Qui Chengwei, 41, from Shanghai, had won the 'dragon sabre' in the internet game Legend of Mir III, but decided to lend it to his fellow player Zhu Caoyuan.

The row flared when Caoyuan sold the virtual weapon to anther gamer for £500 without its owner's consent.

Chengwei's pleas to local police fell on deaf ears as it was decided that no theft had legally been committed because the sword did not exist in the physical world.

After hearing this ruling Chengwei broke into Caoyuan's home and stabbed him in the chest.

Chengwei was found guilty of murder and given a suspended death sentence. Subject to two years' good conduct, he will not be executed but will spend the rest of his life in prison.

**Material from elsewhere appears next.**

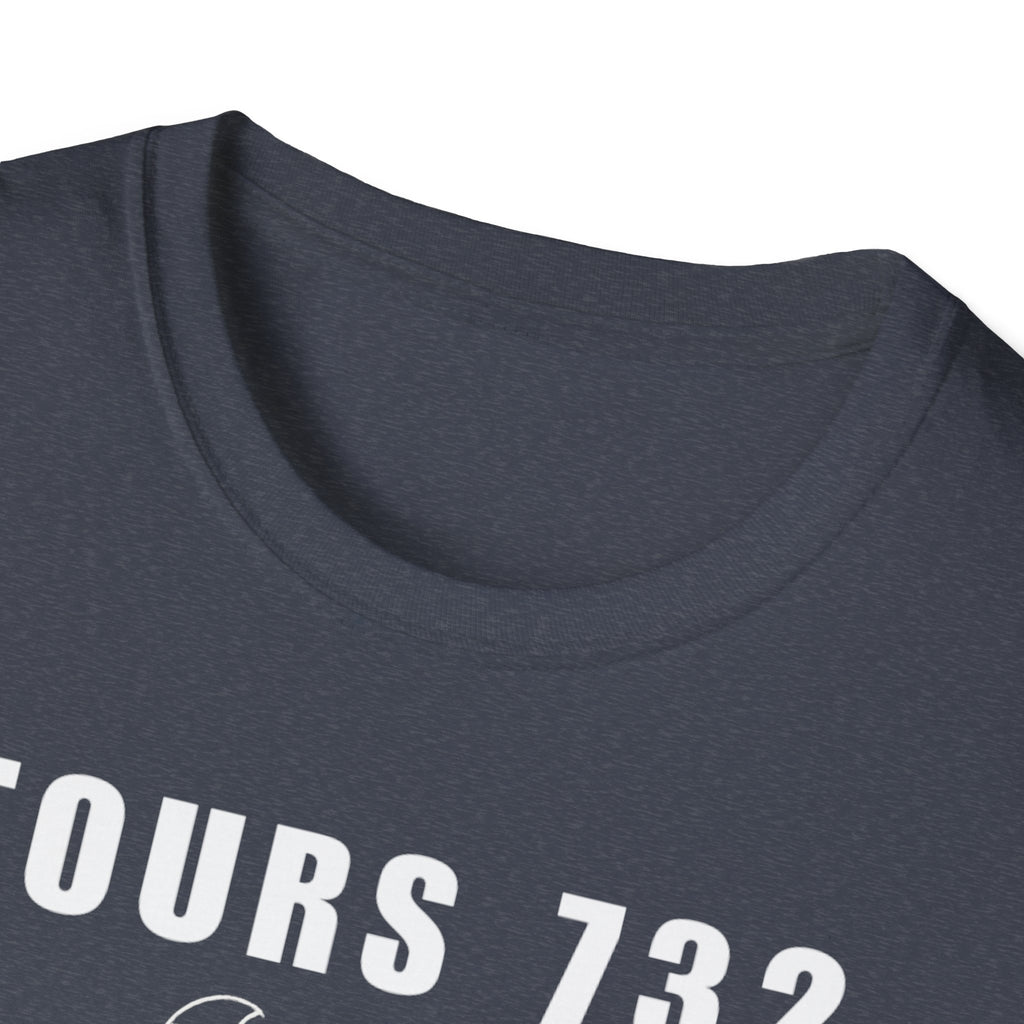 Tours 732 Charles "The Hammer" Martel "TOURS 732" Text Graphic Unisex Softstyle T-Shirt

http://www.vnunet.com/vnunet/news/2137705/online-game-ends-murder

I play World of Warcraft,

I play World of Warcraft, and in that all the items are property of the game makers, Blizzard. Under their terms, the buying and selling of game items for money will result in an immediate cancellation of your account and a ban, and in the more extreme cases (this would be an example), they will prosecute. I think they could prosecute under IP or breach of contract.

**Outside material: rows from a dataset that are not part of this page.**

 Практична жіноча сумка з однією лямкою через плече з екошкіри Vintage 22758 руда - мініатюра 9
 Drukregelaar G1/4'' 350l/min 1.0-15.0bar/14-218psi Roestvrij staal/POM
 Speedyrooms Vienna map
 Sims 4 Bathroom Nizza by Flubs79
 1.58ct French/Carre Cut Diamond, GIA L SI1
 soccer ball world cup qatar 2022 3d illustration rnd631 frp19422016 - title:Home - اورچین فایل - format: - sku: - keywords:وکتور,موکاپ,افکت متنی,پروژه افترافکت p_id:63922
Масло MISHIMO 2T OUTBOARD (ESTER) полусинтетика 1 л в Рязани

I played "americas army" a

I played "americas army" a lot last year - not really an RPG - but kinda...

And accounts are regularly sold on eBay with high points, and all the harder training done for you - seems a waste to me, half the fun is becoming skilled at a game...

Some online games

are open to multiple account abuse. For instance the online Star Wars game allows you to "earn" Jedi abilities through experience. If your normal account Jedi has a bad rep for being a shade murderous, you can start a fresh account.

Get someone else to "grind" through the 40-ish hours required to achieve Jedi status, then pick it up yourself, and stay Light-side this time. Once you've achieved a good Light rep, you can lure someone into a kill zone with your "clean" account, and jump them with your Dark Jedi.

you lot need help :-)

:-)

although i am curious about this virtual knocking shop lol

>> curious about this virtual knocking shop

Yeah, I heard that about you.

There are trojans developed

There are trojans developed entirely to steal passwords from other players for online games. Quite a niche.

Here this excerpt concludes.